After five more hours on the road--we had split up to travel faster--I began to look forward to this gathering immensely, so when I got to Roseburg, Oregon (where you turn east into the Umpqa National Forest to get to White Horse Meadow, my destination) I began to look forward to food, a good sleep, some music and comfort. Roseburg was crawling with hitchhikers, all heading where I was, to this great Sixties type rock concert. Woodstock, here I come. A VW van slowed down, picked me up, and then took another hitcher, and another, and we headed off. By their conversation I was able to deduce something was amiss. It turns out this rock concert was the Rainbow Gathering Healing Festival, a collection of people who believe they are the fulfillment of a Hopi prophecy that said five generations after the white men destined to live in harmony with the great Spirit of the Earth. Karma, reincarnation, natural foods, meditation, tai chi, buddhism, astrology, yin and yang, ecology, TM, astral projection, cosmic consciousness, acid--anything spiritual or far out and freaky was right on with these people. I got to the gathering--7000 hippies in a cold, wet, muddy meadow in Boondocks, Oregon with dogs, goats and drunken people and a huge, disgusting pot of beans--this was not my ideal of a good time at the moment, after Mt. Shasta and Tioga Pass.

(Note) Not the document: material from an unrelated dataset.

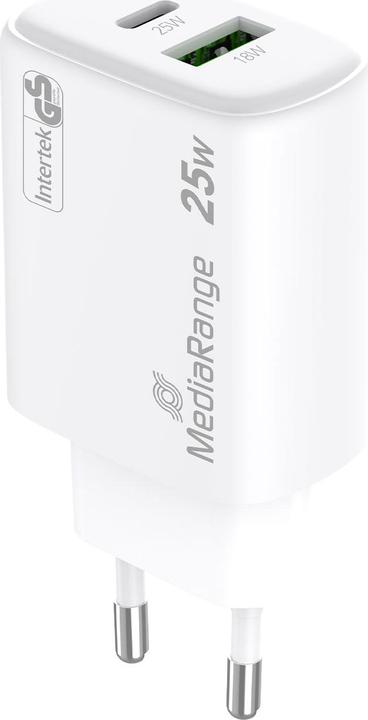 Produktbild MediaRange MRMA112 Ladegerät für Mobilgeräte Weiss Indoor (25 W)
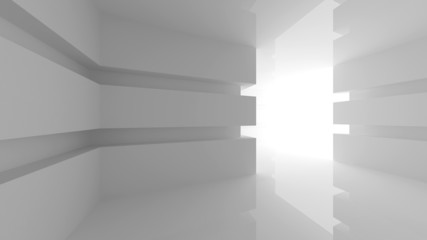 Abstract white empty room interior with glowing doorway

I got back on the road, went all the way to Portland that night, slept in the Greyhound station and next morning got on the eastbound bus and didn't get off until I had reached St. Louis two and a half days later, having seen the Rockies and Salt Lake City and the Great Plains as one great blur en route. Thanks to a friend in St. Louis, I had a nice warm bed and some home cooking again. I gave up all pretense to membership in the great club of hippies, freaks, road people and adventures. Six days, four friends and Cincinnati and Philadelphia later, I was home in Brooklyn.